The denomination was almost wiped out during the religious wars of the 1600s. After their rebirth under Zinzendorf’s leadership, they became the first Protestant missionaries. In the 1730s Moravian societies were established in Holland, England and Denmark….as well as such far away places as Greenland, Surinam, Zanzibar and in the new world. Their first mission in the British Colonies was in Savannah, but they eventually traveled north to Pennsylvania where the church had bought two tracts of land. They founded Nazareth and Bethlehem and as those towns prospered, the brethren wanted to spread the Gospels to an area without churches…and they wanted a large tract of inexpensive land on the frontier to find the freedom to practice their religion in peace.
The settlement of Bethabara in what is today Winston-Salem, North Carolina, was founded on November 17, 1753 when fifteen Moravian brethren arrived after walking from Pennsylvania.
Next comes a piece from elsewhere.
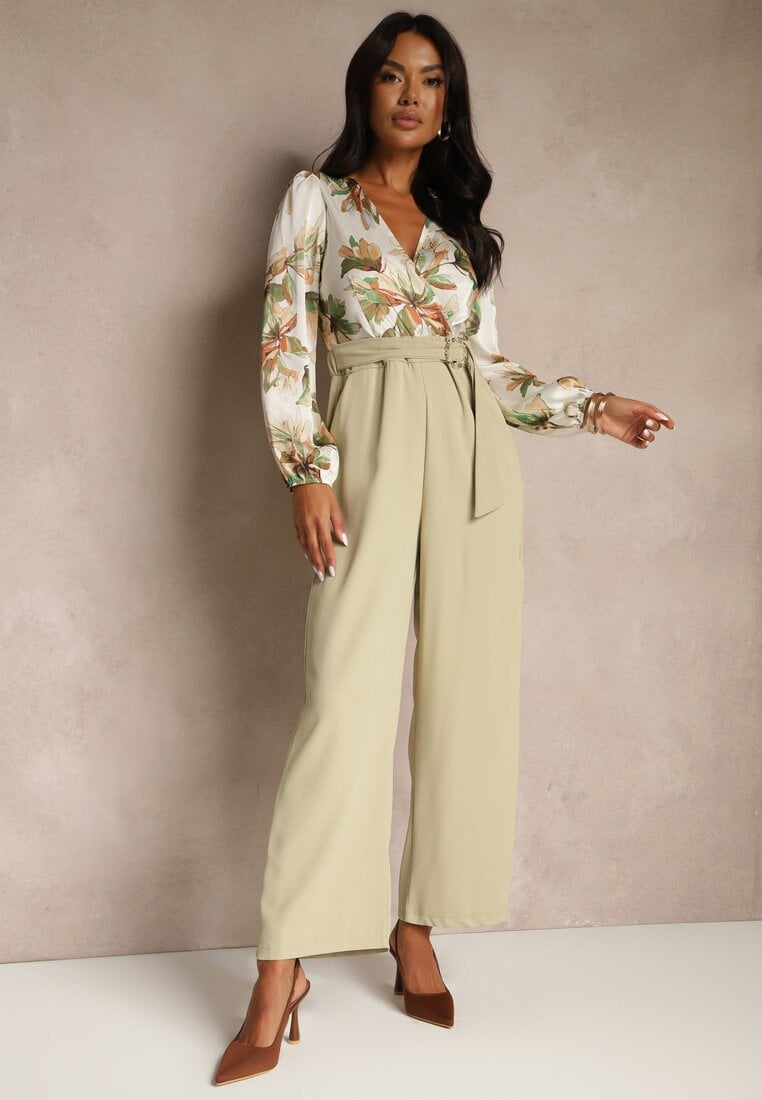 Salopetă florală verde deschis cu decolteu petrecut cu cordon și picioare largi Vinia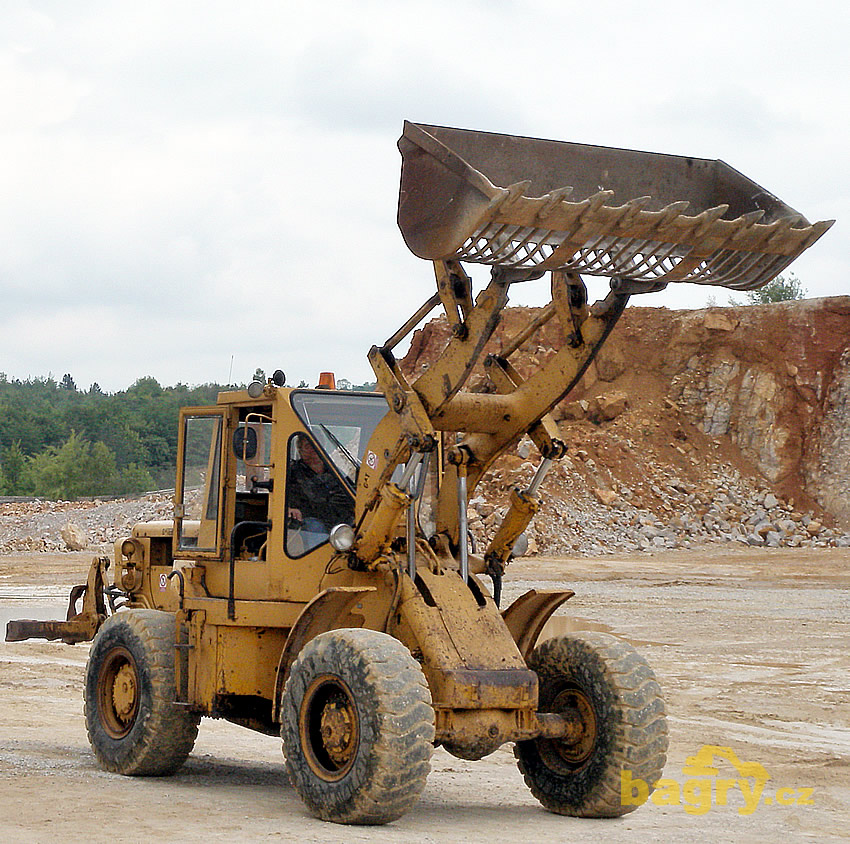 Caterpillar 950 z roku 1966 dláždil cestu pro další kloubové nakladače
The Moravians, or Unitas Fratrum (United Brethren), were German-speaking Protestants. As followers of Jan Hus, a Bohemian heretic who was burned at the stake in 1415, the Moravians are acknowledged as the first Protestants, pre-dating the Lutherans by 100 years. Bethabara became the first Moravian settlement in North Carolina. It was the beginning of a series of Moravian settlements on the 100,000-acre tract that the Moravians had purchased on the Carolina frontier.
Bethabara (“House of Passage”) was a center for religion, governance, trade, industry, culture, education, and the arts. The Moravians constructed over 75 buildings during the first 20 years of the settlement’s existence. During the French and Indian War (1753-1762), Bethabara and its two forts served as defensive centers for regional settlers and a supply depot for the Catawba allies of the British.
The second of the villages of Wachovia, Bethania, was laid out in 1759, in part to deal with the crowded conditions brought on by refugees. After only 13 years in the wilderness, some 166 people lived in the two communities. Even in these difficult times the Moravians never lost sight of their master plan for Wachovia. They saw the surrounding forest as a friend, not as any enemy to be pushed back. Johann Christian Reuter, a surveyor, was appointed forester to oversee the cutting of trees.
Settlements began in other parts of Wachovia… Friedburg in 1773, Hope in 1776 and Friedland in 1780. Salem became the focal point of Wachovia trade and religious life. It was completed in 1771 and the Wachovia administration moved from Bethabara in 1772. A new Gemeinhaus, or congregational church, still standing today in Bethabara, was built in 1788. But Bethabara as a town had ceased to grow and expand. It was but one of several agricultural villages in Wachovia, with a tavern, church, and a few tradesmen.
As the years passed, Bethabara became less of a town and more of a farm. Its purpose was to provide food for the residents of Salem. slave, Johann Samuel, was named the farm superintendent in 1788 and was granted his freedom in 1801, allowing him to rent land here from the church. The closed local shared economy, with everything owned and controlled through the church, had come to an end after nearly 50 years. Throughout the 1800s, Bethabara continued to decline. By the early 20th century, most of the structures had fallen to ruin, their foundations filled in to expand the farmland. The great mill, after 100 years of use had been abandoned… its original timbers used to build a lumber company in the bustling industrial town of Winston located just to the north of Salem. By the mid 1900s, the frontier settlement was buried beneath a cornfield, the potter’s and brewer’s houses were private residences. The 1788 church was abandoned for a newer structure nearby.